The ideas of John Milton, the Puritan advocate of toleration, were rudimentary in the seventeenth century, and in any event did not translate easily to the American environment, where Indians and Catholics vigorously competed with Puritans for space. Puritans arrived in the New World persecuted, and intolerant. Catholics, in New Spain and New France, brought their own brands of intolerance, not only of Protestants but of Indians and Jews. European Christians also brought with them to the Americas interpretations of the Bible that supported not only intolerance of non-Christian religions (and intolerance of brands of Christianity that differed from their own) but supplied guidance about how to deal with those who were different. Intolerance, after all, is not merely an abstract intellectual position. Intolerance, in reality, is practice as much as theory. It is the implementation of a theory of difference in the form of actions taken against religious opponents. Accordingly, one of its components is an argument for the vigorous and unrelenting persecution of others, and that argument typically is made in bold terms, in actions as well as words.
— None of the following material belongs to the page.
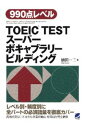 OȓXIf}hxoŁ@TOEIC TESTX[p[{Lu[rfBOiCDȂo[Wj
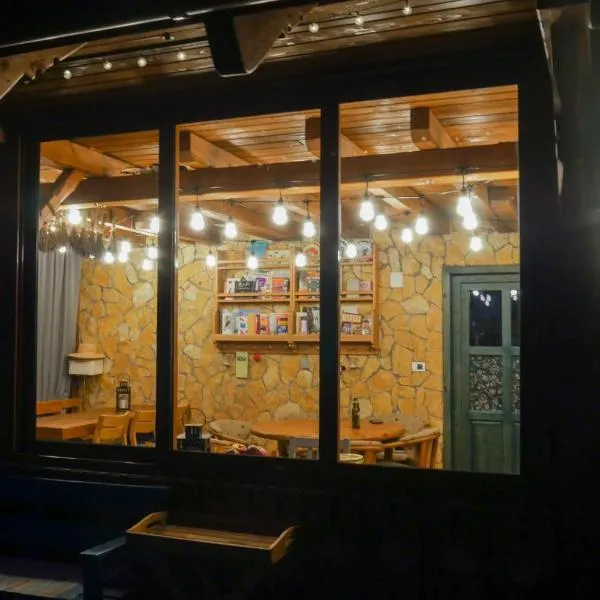 Rose Hip Hill Farm, hotell sihtkohas Valea Tîrnei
For many of those who crossed the Atlantic to the New World, the trope or story that informed their practice of intolerance was the Old Testament account of God’s dealings with the Amalekites.
The Amalekites, according to Biblical accounts, had always been the enemies of the Jews. They were especially reviled because in spite of some manner of blood relationship to the Jews, they raided the weak and slow at the rear of the column of Jews who were fleeing Egypt and attacked the Jews at other times as well. The Old Testament reports that God commanded the Jews to annihilate the Amalekites, to utterly destroy them without mercy—their men, women, children, and animals—leaving no trace of them. The Jews were to exterminate the Amalekites, to cleanse the world of them, and of any memory of them as well. According to Biblical sources, the Jews eventually accomplished that mission.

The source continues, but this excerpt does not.